The first is that the Jews are only a religion and not a people. This is false. It is true that in every Western country, Jews are regarded as members of a religion, and the Judeo-Christian tradition, especially in the U.S., is proudly proclaimed from both civic and religious pulpits. But this does not mean the portrayal is fully accurate. The first mention of the word “Jew” is in the Book of Esther, where Mordecai is called, “hayehudi, the Jew.” The initial meaning was both geographical and political: he or his ancestors came from the State of Judea. Over the centuries, there were Jewish communities throughout the Mediterranean basin, and they maintained their ethnic and religious identity through marriage, custom, and ceremony. I’ve been told that Jews are “tribal.” Because of its negative connotations, I don’t like that appellation. The Jews are a people, much like, let’s say, the Thai, who wherever they go maintain their local customs and religion. Anyone can join Thai Buddhism if he or she wishes.

In addition, although the Jewish settlers in Palestine in the 19th century were religious, those who came in the early 20th century and were the ones who established the foundations for a state, were not. The opposite: they were often anti-religious. Religious Jews remained in Europe. Jews who rejected the religion and defined themselves as a people became Zionists.

The other complaint often leveled at Israel is that it is a colonization and a creation of the West and Western imperialism.
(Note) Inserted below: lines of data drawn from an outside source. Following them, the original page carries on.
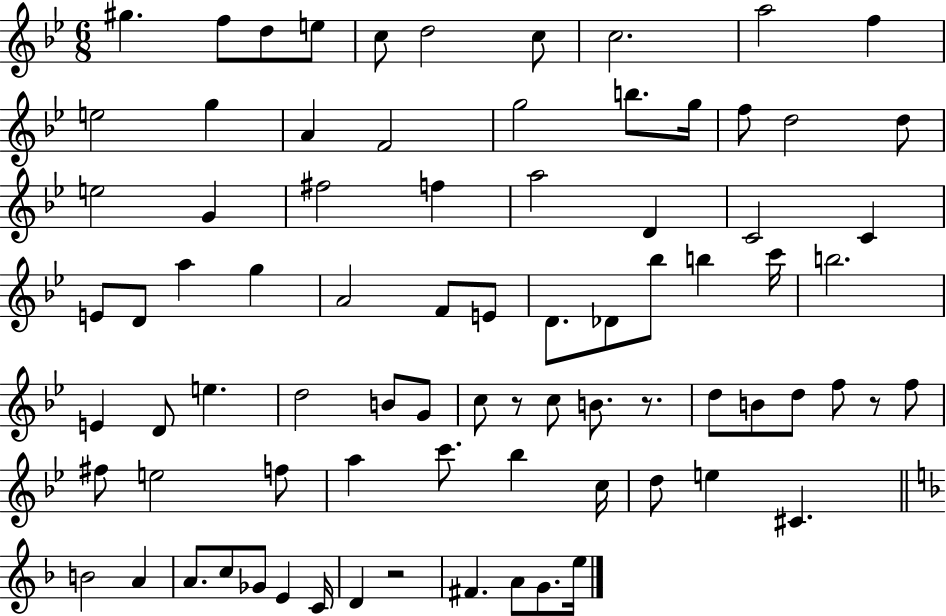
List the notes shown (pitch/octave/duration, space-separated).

G#5/q. F5/e D5/e E5/e C5/e D5/h C5/e C5/h. A5/h F5/q E5/h G5/q A4/q F4/h G5/h B5/e. G5/s F5/e D5/h D5/e E5/h G4/q F#5/h F5/q A5/h D4/q C4/h C4/q E4/e D4/e A5/q G5/q A4/h F4/e E4/e D4/e. Db4/e Bb5/e B5/q C6/s B5/h. E4/q D4/e E5/q. D5/h B4/e G4/e C5/e R/e C5/e B4/e. R/e. D5/e B4/e D5/e F5/e R/e F5/e F#5/e E5/h F5/e A5/q C6/e. Bb5/q C5/s D5/e E5/q C#4/q. B4/h A4/q A4/e. C5/e Gb4/e E4/q C4/s D4/q R/h F#4/q. A4/e G4/e. E5/s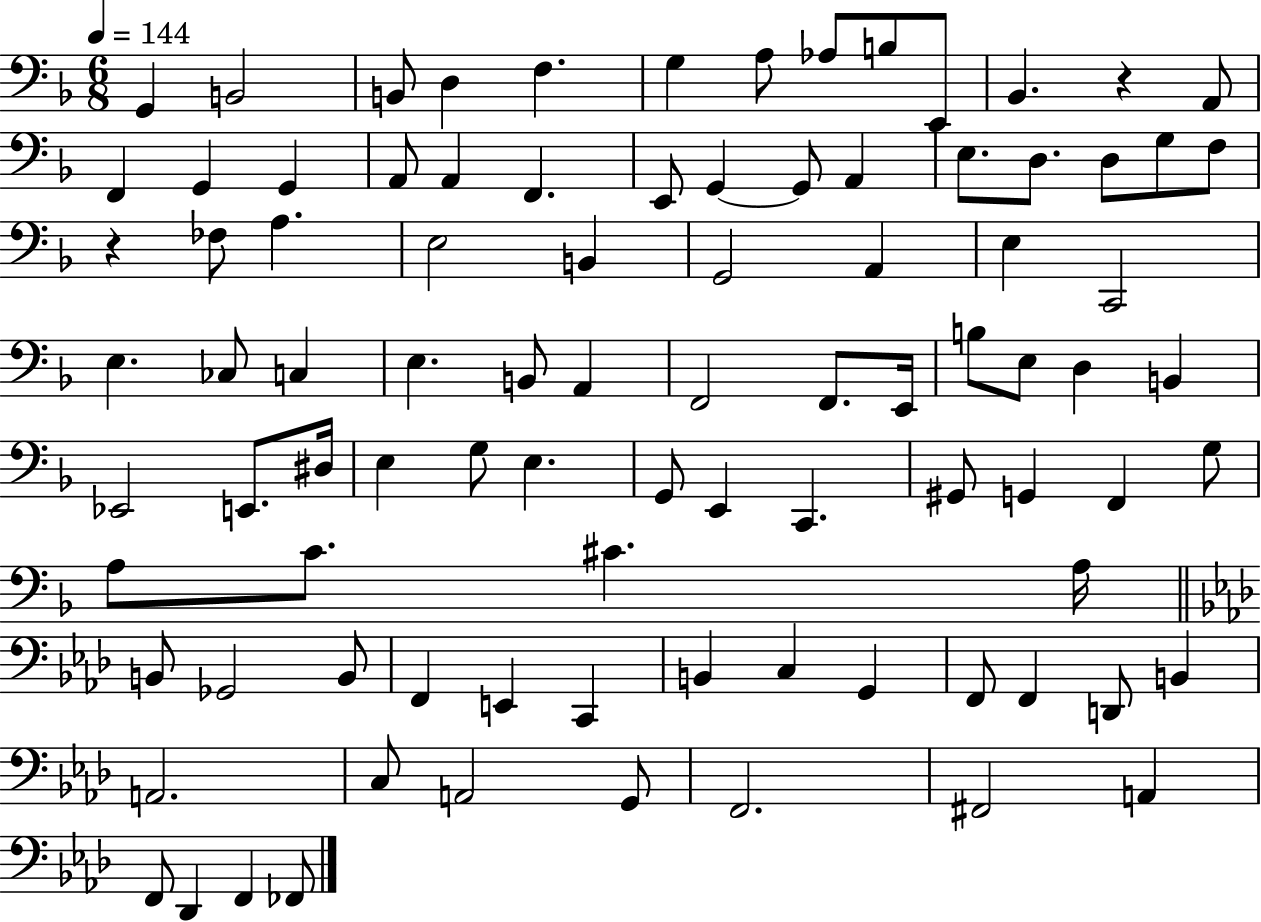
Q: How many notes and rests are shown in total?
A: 91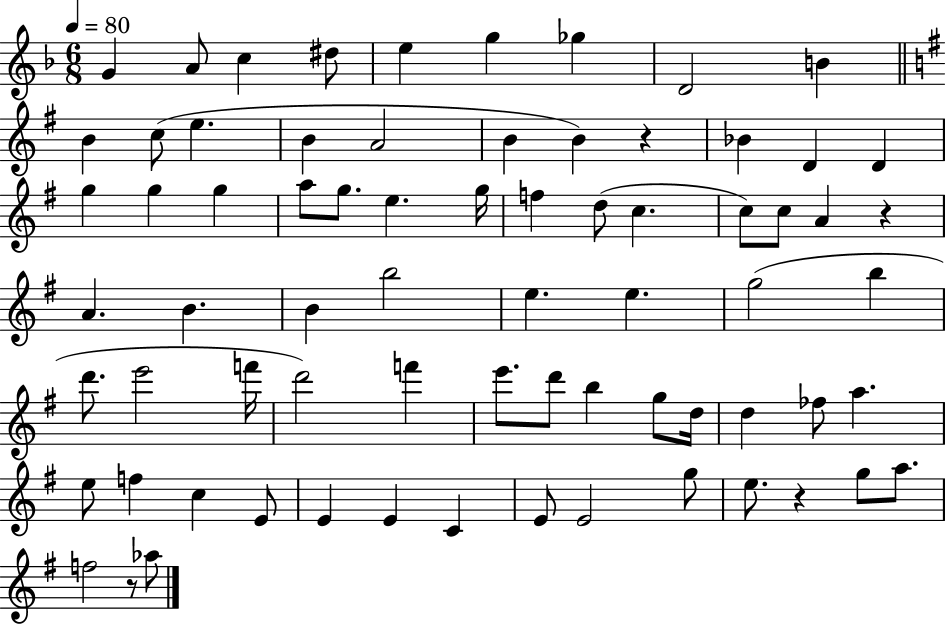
{
  \clef treble
  \numericTimeSignature
  \time 6/8
  \key f \major
  \tempo 4 = 80
  g'4 a'8 c''4 dis''8 | e''4 g''4 ges''4 | d'2 b'4 | \bar "||" \break \key e \minor b'4 c''8( e''4. | b'4 a'2 | b'4 b'4) r4 | bes'4 d'4 d'4 | \break g''4 g''4 g''4 | a''8 g''8. e''4. g''16 | f''4 d''8( c''4. | c''8) c''8 a'4 r4 | \break a'4. b'4. | b'4 b''2 | e''4. e''4. | g''2( b''4 | \break d'''8. e'''2 f'''16 | d'''2) f'''4 | e'''8. d'''8 b''4 g''8 d''16 | d''4 fes''8 a''4. | \break e''8 f''4 c''4 e'8 | e'4 e'4 c'4 | e'8 e'2 g''8 | e''8. r4 g''8 a''8. | \break f''2 r8 aes''8 | \bar "|."
}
As I have stated before, the settlement by Jews is unique; no settlement other than that of American blacks in Liberia is comparable. Like the settlement by the American blacks, it was a return to a homeland. On arriving in Liberia, however, the American blacks discovered that despite Africa being their homeland, they were culturally apart; in this regard, they were colonialists. Similarly, the Jews were also culturally colonialist. They didn’t speak Palestinian Arabic (although several would learn), and they regarded themselves as culturally distinct. The best example of this is the creation of Tel-Aviv, which began as a Jewish suburb of Jaffa. The Jews wanted better sanitary conditions, better roads and schooling for their children—in short, they wanted to be modern, and they regarded the modern as a Western attribution. So—the Jews were not colonialist and yet colonialist, and certainly, the Palestinians regarded them as such, although it should be mentioned that in the 1930’s, there was already a conscious attempt in Jaffa to imitate the better aspects of Tel-Aviv.

It should also be noted (as this is often ignored) that from the end of WWI to the establishment of the State of Israel, the Jews were diligently building the infrastructure of a state: that is, there was an indigenous, local development not dependent on the decisions of Western powers. The opposite: the British Mandate tried to severely limit the number of Jews allowed into the country. It’s true that the development of the Jewish yishuv (settlement) was also encouraged by monies collected from Jews throughout the West (including Eastern Europe) to purchase land. Until 1948, all the Jewish land was legally purchased. The Arabs, under Haj Amin Husseini, asked for help from the wrong imperialist, as he courted Hitler to encourage him to enter Palestine and kill all the Jews.